** Problem statement **
For this exercise, write out each entry below exactly, omitting the images.

....

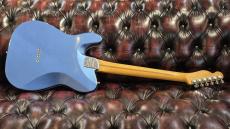 Fender American Ultra Luxe Vintage '60s Telecaster RW / Lake Placid Blue [#US25007857][3.42kg]_9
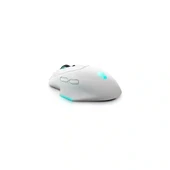Dell Alienware Wireless Gaming Mouse Beyaz AW620M thumbnail 4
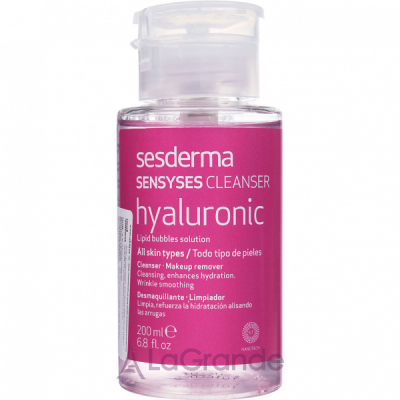 SesDerma Sensyses Hyaluronic Cleanser     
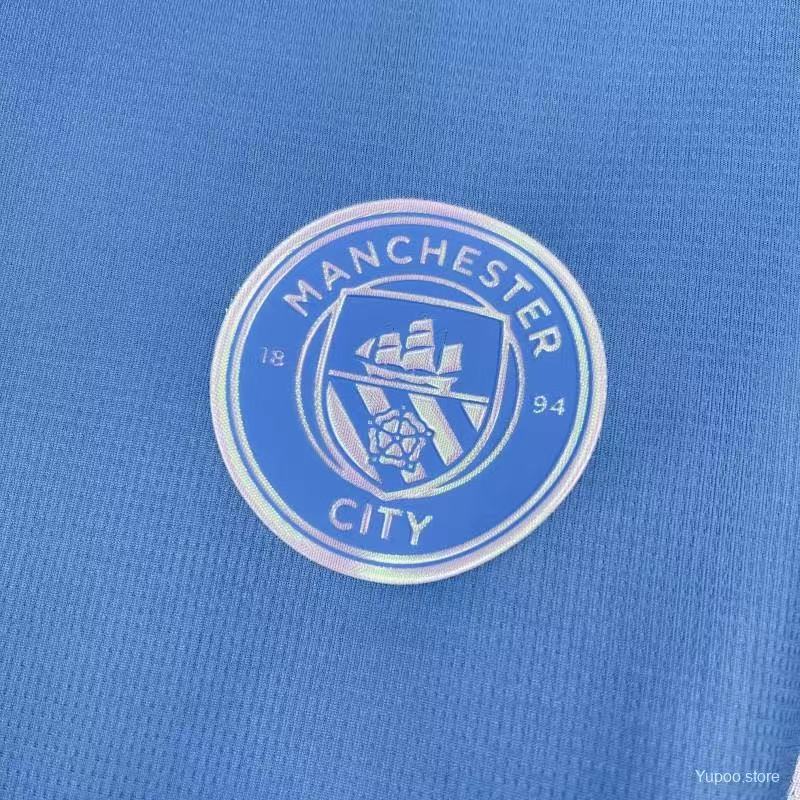 Man City 26/27 Home Shirt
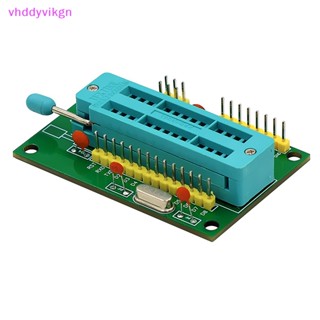 บอร์ดโปรแกรมเมอร์ ขนาดเล็ก VHDD ATMEGA8 ATMEGA48 ATMEGA168 ATMEGA328P-PU DIP28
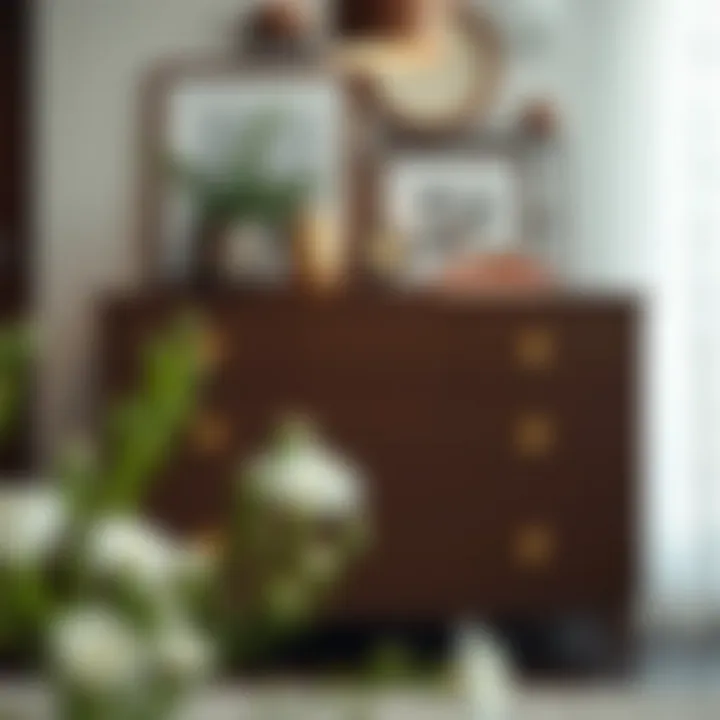 Exploring the Functional and Aesthetic Aspects of a 36-Inch Dresser Introduction
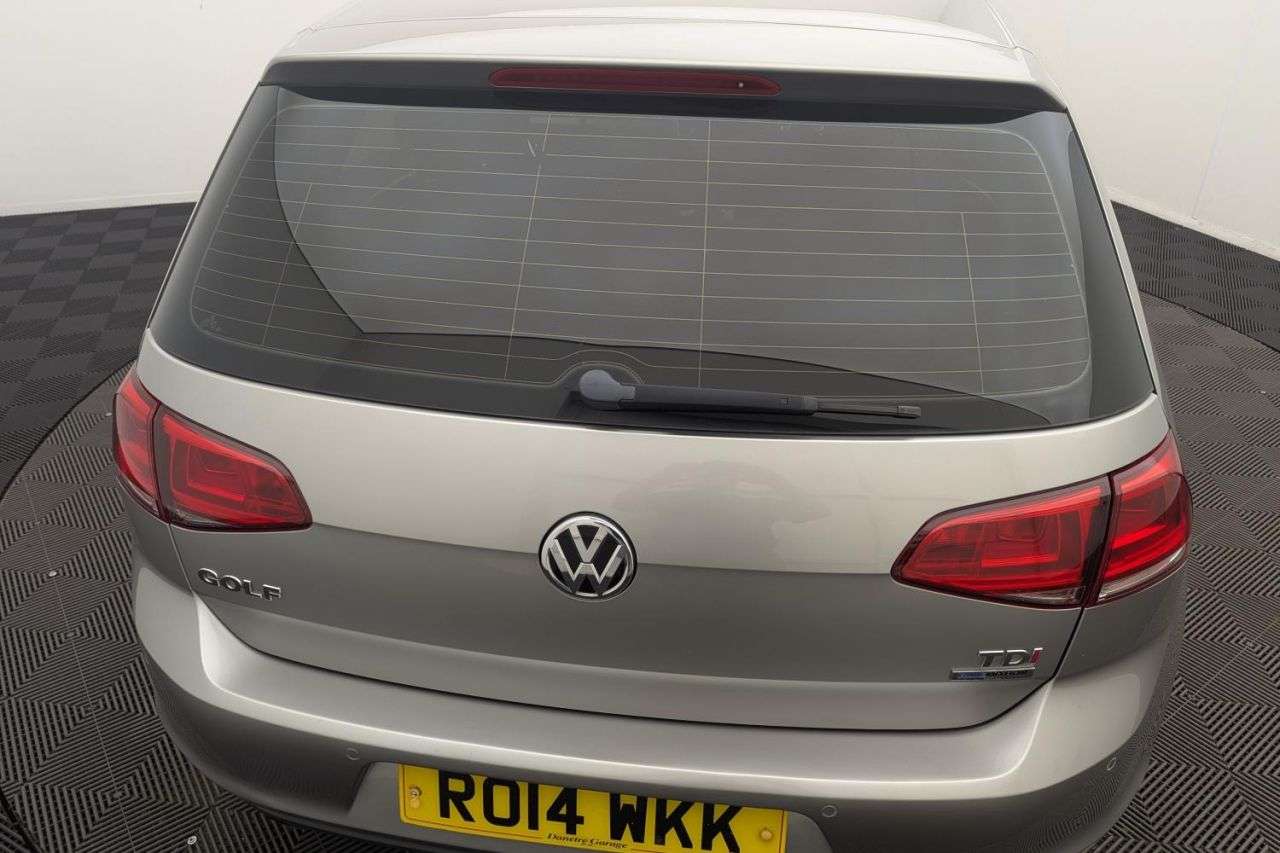 2014 VOLKSWAGEN GOLF 2014 VOLKSWAGEN GOLF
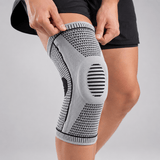 Compression Knee Brace with Side Stabilisers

....

** Written solution **
 Fender American Ultra Luxe Vintage '60s Telecaster RW / Lake Placid Blue [#US25007857][3.42kg]_9
Dell Alienware Wireless Gaming Mouse Beyaz AW620M thumbnail 4
 SesDerma Sensyses Hyaluronic Cleanser     
 Man City 26/27 Home Shirt
 บอร์ดโปรแกรมเมอร์ ขนาดเล็ก VHDD ATMEGA8 ATMEGA48 ATMEGA168 ATMEGA328P-PU DIP28
 Exploring the Functional and Aesthetic Aspects of a 36-Inch Dresser Introduction
 2014 VOLKSWAGEN GOLF 2014 VOLKSWAGEN GOLF
 Compression Knee Brace with Side Stabilisers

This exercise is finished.